I've recently been talking and guest-posting about the importance of ensuring our protagonists evolve and grow through the choices and decisions they make throughout the course of their stories. Whether these choices and decisions are compelled by something awful (the protagonist up against a threat with no apparent choice) or by something terrific (the protagonist seeing the means to achieve and go for their goal), it's the choices and decisions our protagonists make that go into defining who they are, add solidity to what they're made of, and instill a drive to face new things when they think they've faced everything they can possibly face.
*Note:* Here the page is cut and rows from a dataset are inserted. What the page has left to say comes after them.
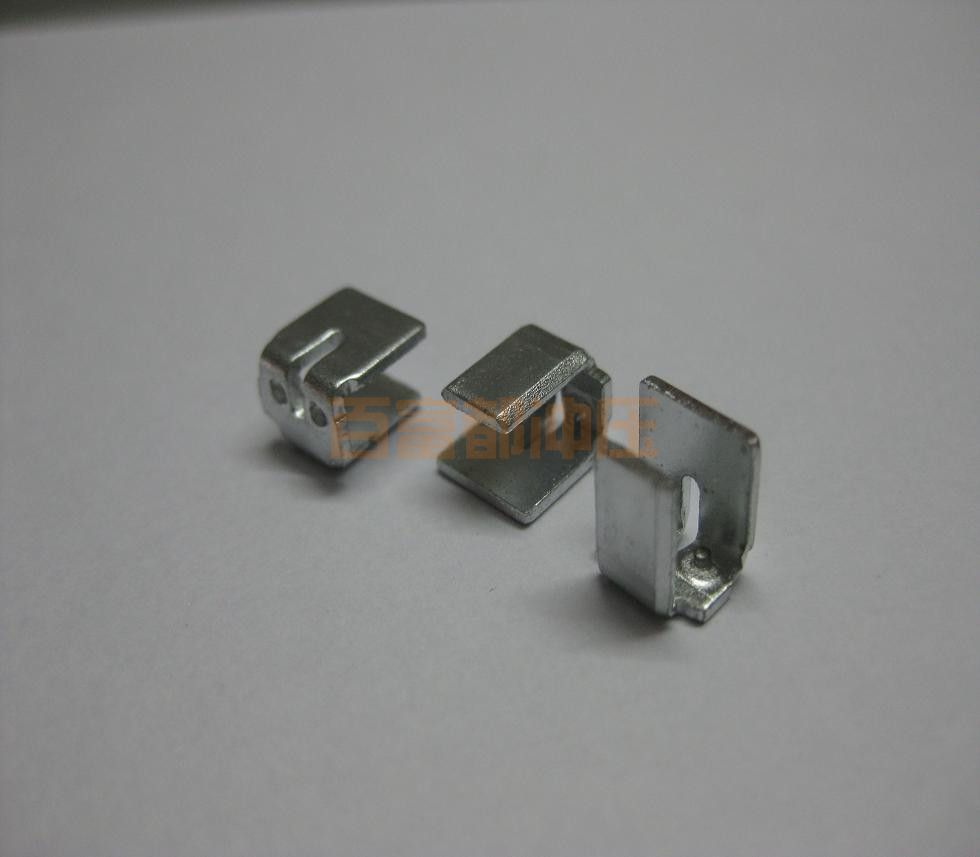 如何控制五金沖壓件的品質(zhì)問題?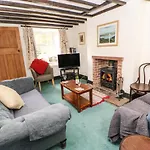 Casa vacanze 89 High Street *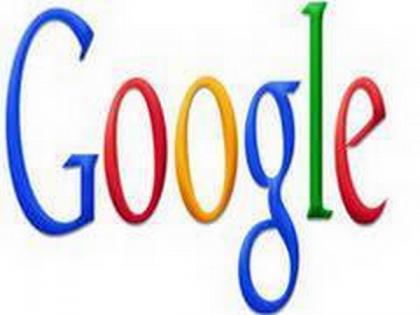 Google's mobile search finally has a dark mode | Google's mobile search finally has a dark mode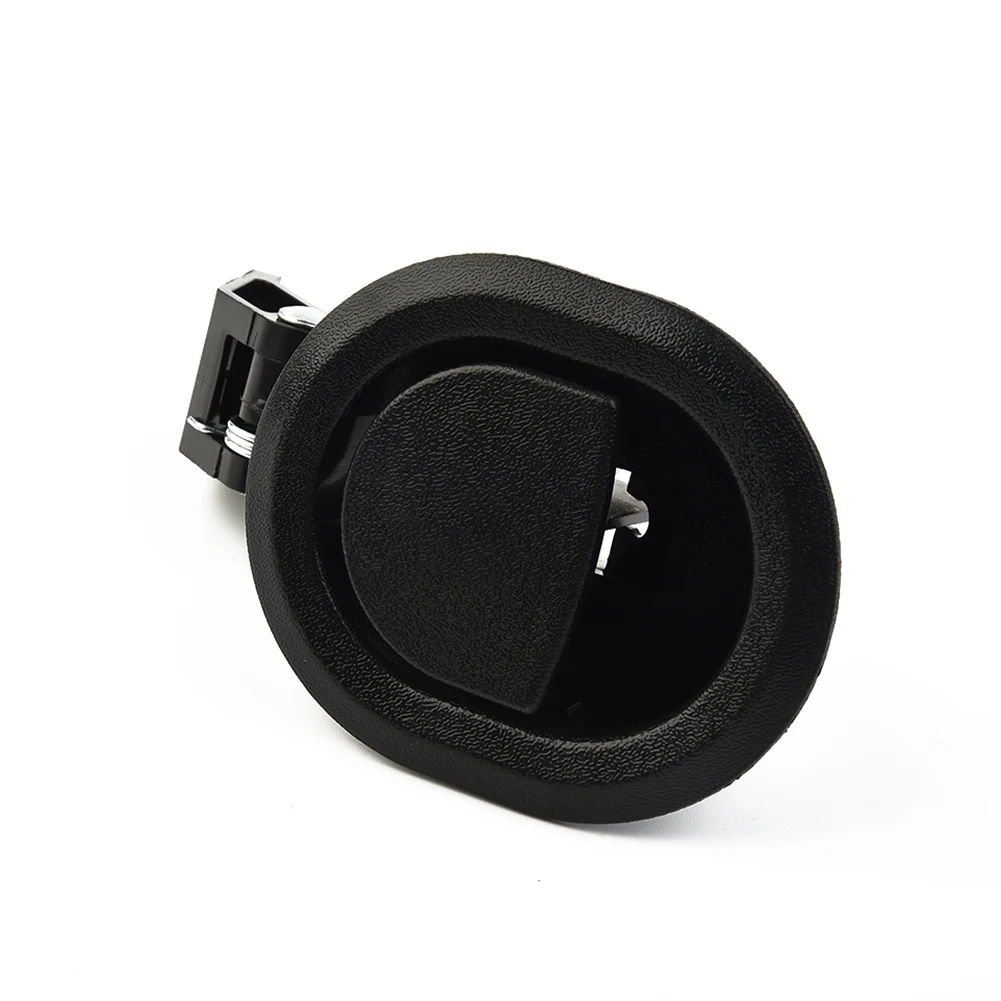 1 pz universale reclinabile di - Furniture Home Hardware recensione e prezzo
Talking and writing about how the most memorable and most compelling protagonists make choices and decisions all the time, I've caught myself wondering about the sorts of choices and decisions I make in my own life. Do the choices and decisions I make go into defining who I am? Do the choices and decisions I make add solidity to what I'm made of? Do the choices and decisions I make instill in me a drive to face new things—things that may take me out of my comfort zone, things that may make me fearful, things that make me someone more complex than the person I was the day before? Sure I do...sometimes. Once in a while. Not often enough. Certainly not enough, I realize, to be most memorable and most compelling protagonist if I were the main character in a story.
Okay, maybe I'm selling myself short. Maybe every single choice and decision I make over the course of any given day actually adds to my evolution as a person. It sure doesn't feel like it, though, not when I think about what we ask our characters to face in our stories. And this gets me thinking about why we write stories in the first place and why we create the characters we create.
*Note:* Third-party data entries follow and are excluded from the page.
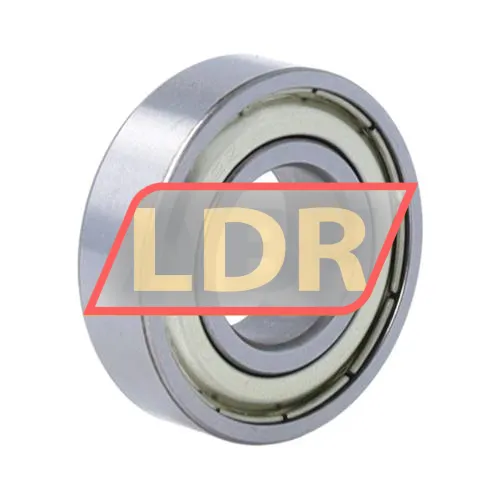 NSK HR32228J ürün fotoğrafı 2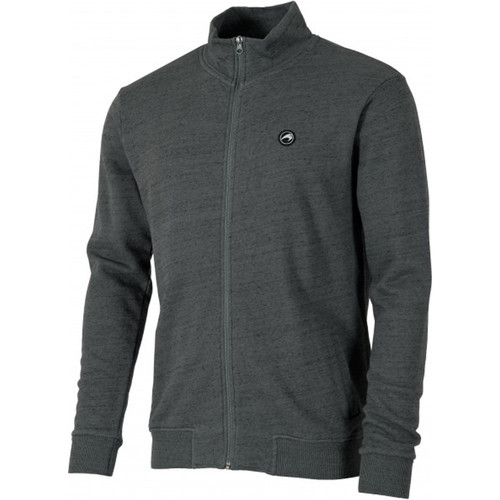 ASTORE SUDADERA MUGITU GR gris
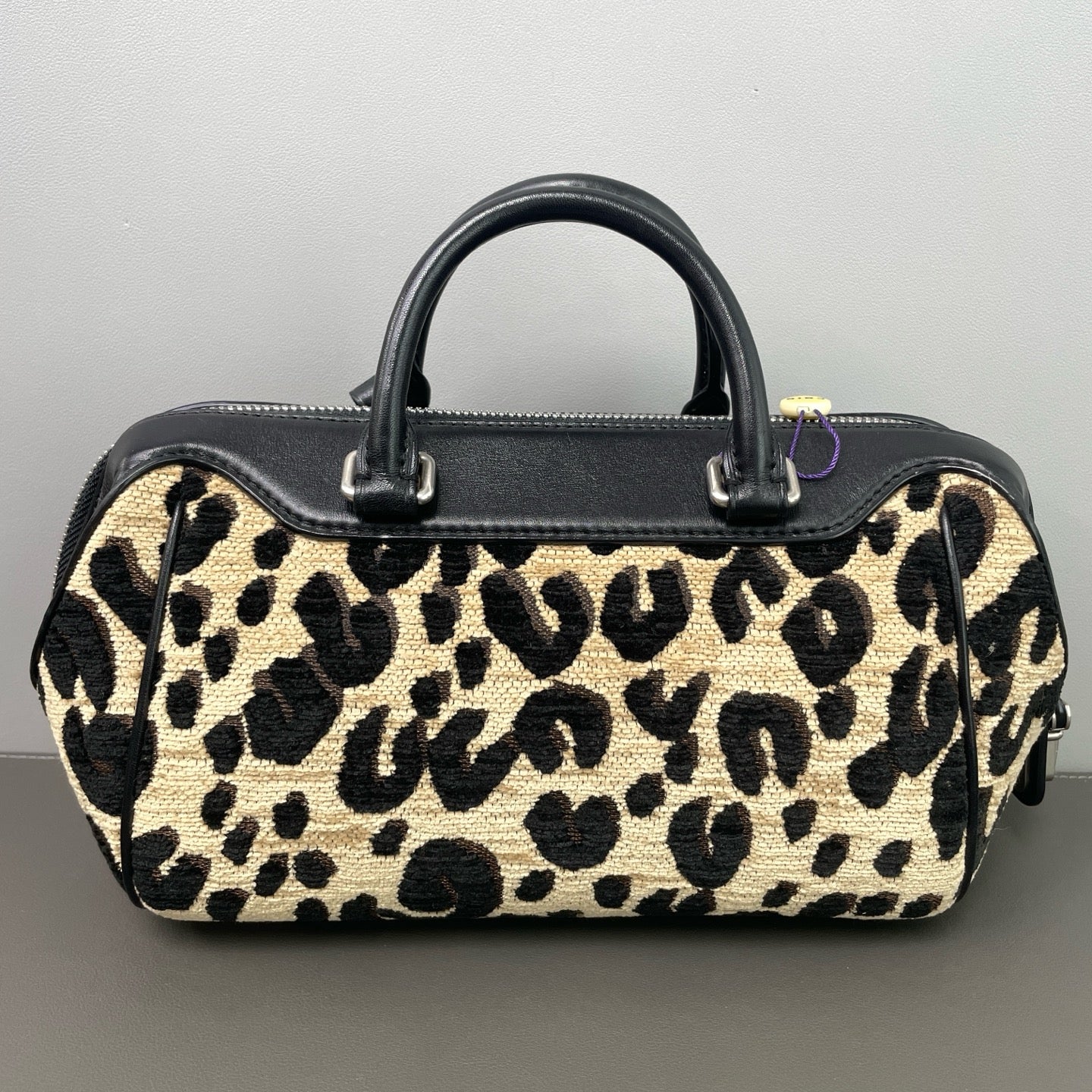 Louis Vuitton - Other - Cloth - Multicolour - (small)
Is it possible we're instilling in our protagonists the abilities, attributes, and drives we may not ourselves have but wish we had? Is it possible we're putting our protagonists into positions where they have to make seemingly impossible choices and decisions that will result in seemingly impossible repercussions in order to test our own boundaries and definitions of what's truly impossible? Is it possible we're forcing our protagonists to face their ultimate "what if?" questions so we can explore how we might behave and react when faced with our own ultimate "what if?" questions? Absolutely! I think this is what writers do all the time—not only do writers write to express and explore the stories inside their heads and hearts, but to express and explore the stories of ourselves, our humanity, our boundaries, and our capacities.
Though it may not feel like it, all of us, at varying degrees and at varying times, are in positions to make—and do make—the kinds of choices and decisions we ask of our protagonists. Some of the positions in which we find ourselves making choices and decisions will be awful, some will be terrific. Some of the positions in which we find ourselves making choices and decisions will feel utterly impossible, some will feel easy. It's from all of these experiences and how we respond to them that we evolve. And it's from all of these experiences that we write our characters and our stories, putting what we know to be true of ourselves and humanity onto the page for readers to find themselves and discover truths.
I want to be a person who makes choices and decisions that matter, that have repercussions larger than me. I want to be a person who makes choices and decisions that help me on a meaningful path of growth and continuing evolution, no matter how old I am. So when I need inspiration and confidence to keep making those kinds of choices and decisions, I feel lucky to be able to look not only to those people whom I consider to be role models and mentors, but also to protagonists in all sorts of stories.